Reconocer la consciencia y el espíritu, un experimento mental necesario

«Queridos compañeros y compañeras:

A pesar de estar físicamente lejos, estoy muy cerca de todos ustedes, porque caminamos en la misma  ruta y dirección: construir un tipo de sociedad no existente todavía pero que, ciertamente, urge construir. Esta sociedad deberá estar a la altura de los retos que vive la humanidad en el presente, una humanidad que ha crecido en consciencia, que siente la ciudadanía planetaria y que rechaza las formas políticas dominantes. (…)  Nos merecemos una sociedad en la que todos y todas quepan. Y nos proponemos construirla, para que la mayoría de las personas sean agentes participativos de lo nuevo posible, donde en el centro se sitúe la vida humana, la vida de la naturaleza y la vida de la Madre Tierra. Estamos hartos del desarrollo meramente material, porque no somos meros animales hambrientos. Queremos un desarrollo humano-espiritual que esté en armonía con el propio corazón, con las demás personas, con la naturaleza, con la gran Pachamama,  y también con la Suprema Realidad hecha de amor y ternura.
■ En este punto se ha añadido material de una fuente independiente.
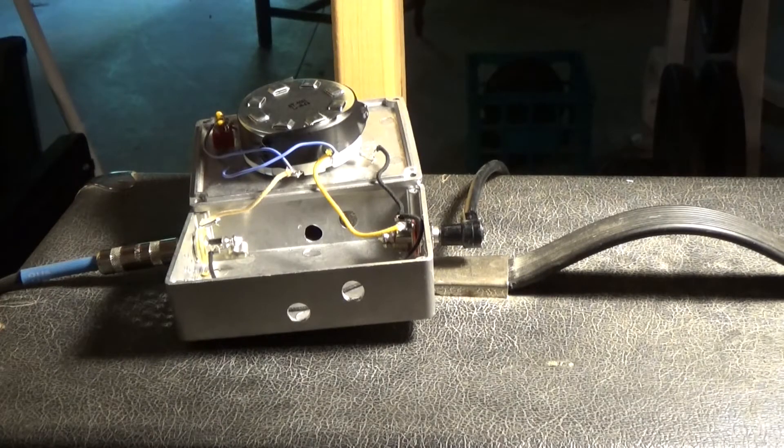The amp needs to see an 8-ohm load, and that's what this provides, but it's only 100 watts. Can we get an 8-ohm 200-watt L-pad? Well, I've looked around and they don't seem to sell them anywhere. So I think I've come up with a pretty cool solution.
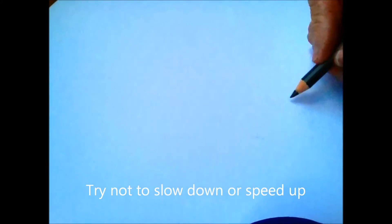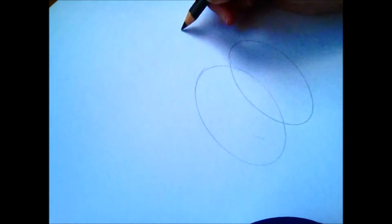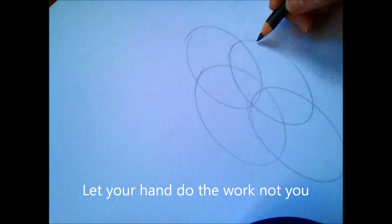To draw an oval or a circle, you just need to have a nice relaxed hand and circle the page just above the paper. When it feels really smooth and you can almost see the oval on the page, just drop the pencil and you should get a beautiful shaped oval. Do this to create a nice circle as well.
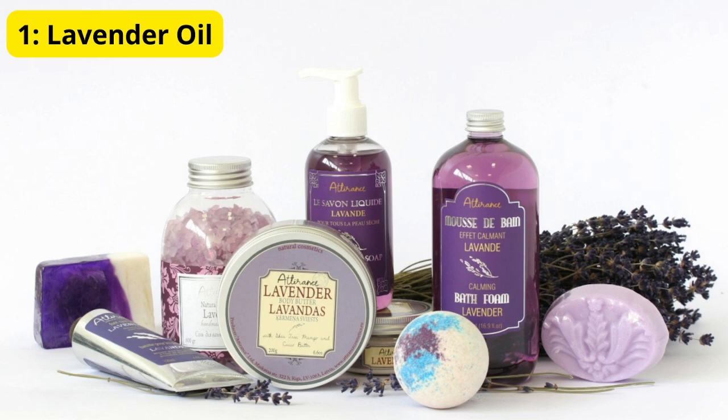Mosquitoes are not just annoying, but they can also carry diseases. With these simple methods, you can keep your home mosquito free. Method 1: Essential Oils.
Estamos convencidos de que el paradigma civilizatorio vigente ya no nos puede proporcionar  horizonte alguno de esperanza. Nos propone siempre más de lo mismo, algo que ya no funciona y que nos lleva a un camino sin retorno. Y queremos vivir, no sufrir. Queremos valorar el trabajo como expresión de la creatividad humana y de la autorrealización. (…)
Queremos entender la Tierra viva como nuestra Casa Común, como nos lo ha recordado, de manera tan profunda y bella, el Papa Francisco. Queremos sentir y experimentar que todos los habitantes de esta Casa Común somos hermanos y hermanas que nos amamos, y que juntos podemos transformar la tragedia anunciada en una crisis purificadora. Esta crisis nos puede permitir un salto de calidad, un salto con rumbo a una sociedad en la que sea menos difícil amar, ser solidario, compasivo y  fraternal. Queremos realizar el sueño ya anunciado en los años treinta del siglo pasado por ese gran precursor de un mundo nuevo: el palentólogo, teólogo, místico y jesuita PierreTeilhard de Chardin:

«El tiempo de las naciones pasó. Importa ahora construir la Tierra».
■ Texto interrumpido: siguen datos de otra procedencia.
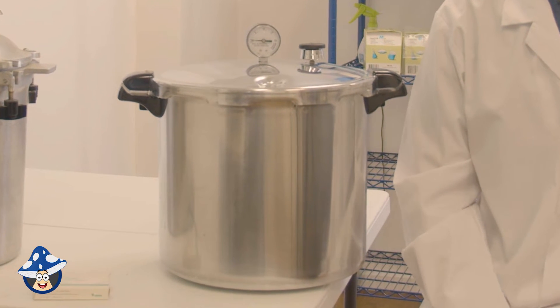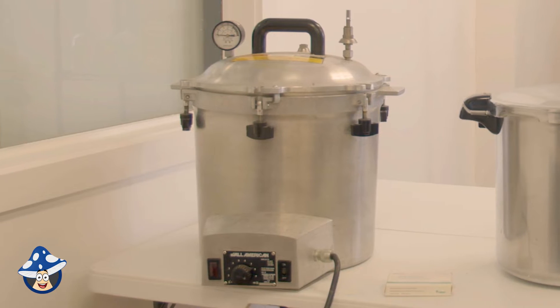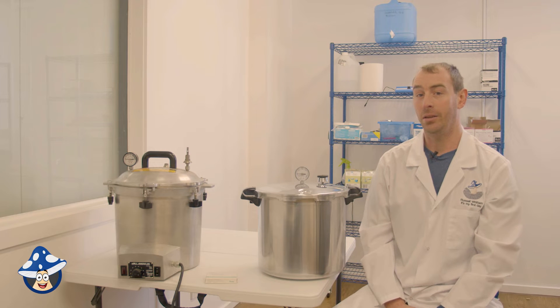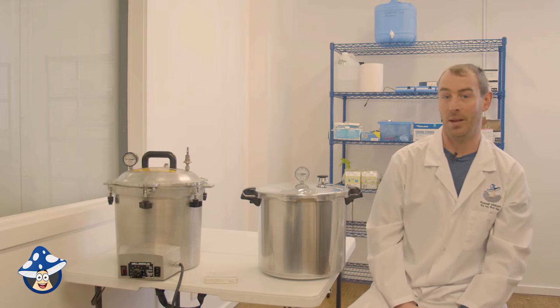The Presto comes in a 21-quart size. All-Americans come in sizes from 10-quart up to 41-quart, so you can fit quite a lot in there. An All-American sterilizer is an electric unit, so they're very handy to set up in your lab next to your flow hood — you're not moving between the kitchen and your lab space. They do cost a bit more but are definitely worth the investment.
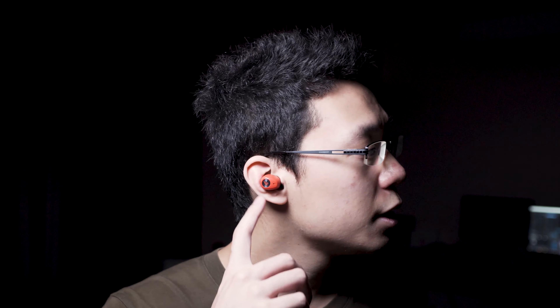This right here is Edifier's true wireless earbuds featuring a charging case that comes in a cute small form factor with a variety of fiery colors for the youngsters. This is one of their affordable true wireless range when it comes to the Edifier brand.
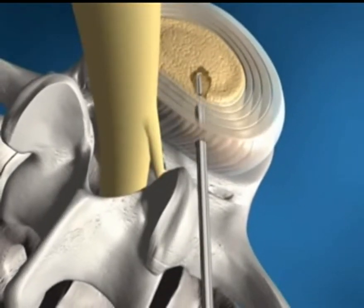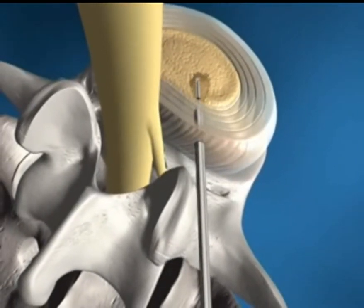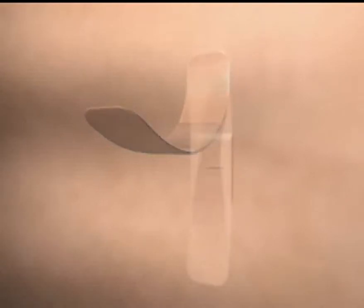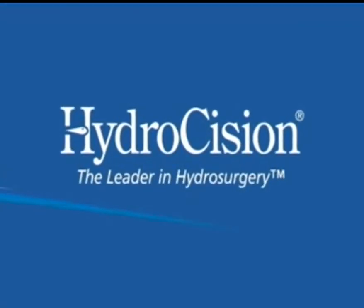The disc is decompressed, relieving nerve root impingement and pain. The Hydrocision Hydrodiscectomy procedure can be accomplished in an outpatient setting under local anesthesia and is typically completed within 30 minutes.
Desde España, Grecia, Portugal, Brasil y todas las partes del mundo queremos construir esa Tierra de todos y para todos. En esa dirección confluyen las líneas de fuerza del proceso evolucionario planetario. Estamos predispuestos a ser agentes de esta nueva historia y de una nueva humanidad. Sabemos que pesan nubes negras sobre nuestra Madre Tierra capaces de producir grandes devastaciones. Pero creemos en las palabras del libro de la Sabiduría, en el cual el Creador de todas las cosas nos revela: «Amo todas las cosas que he creado y no odio a ninguna. Las amo porque soy el soberano y apasionado amante de la vida». (Sab 11, 26). Un Dios, que es un apasionado amante de la vida, no permitirá que nuestra vida desaparezca de la faz de la Tierra. Vivimos para brillar, porque este es el propósito del universo y el designio del Creador. Unidos y hermanados por este sueño bueno, sigamos luchando y cantando, porque hemos de triunfar». Leonardo Boff, ecoteólogo.

Notas:

[1] Pensado y vivenciado, no  imitado pero no vivenciado,  como en la inteligencia artificial.
[2] Ética, 1ª parte, proposición 3ª.
[3] Cabe desde luego preguntarse quién sufre esa ilusión.
[4] En El Principio Vida, Trotta, 2000.

[5] Por el dios artesano (o relojero) de Descartes mismo y de Newton.
[6] Manifiesto elaborado en el congreso celebrado en Cambridge (Reino Unido) en julio de 2012. Resumiendo sus conclusiones, Philip Low, promotor del manifiesto, investigador de primera línea del cerebro  y  profesor en el MIT y en la Universidad de Stanford, aseveró: “Todos los mamíferos y aves, al menos, tienen consciencia”.

[7] En su ensayo El asalto a la razón.

 José Luis San Miguel de Pablos, Universidad Comillas y colaborador de Tendencias21 de las Religiones.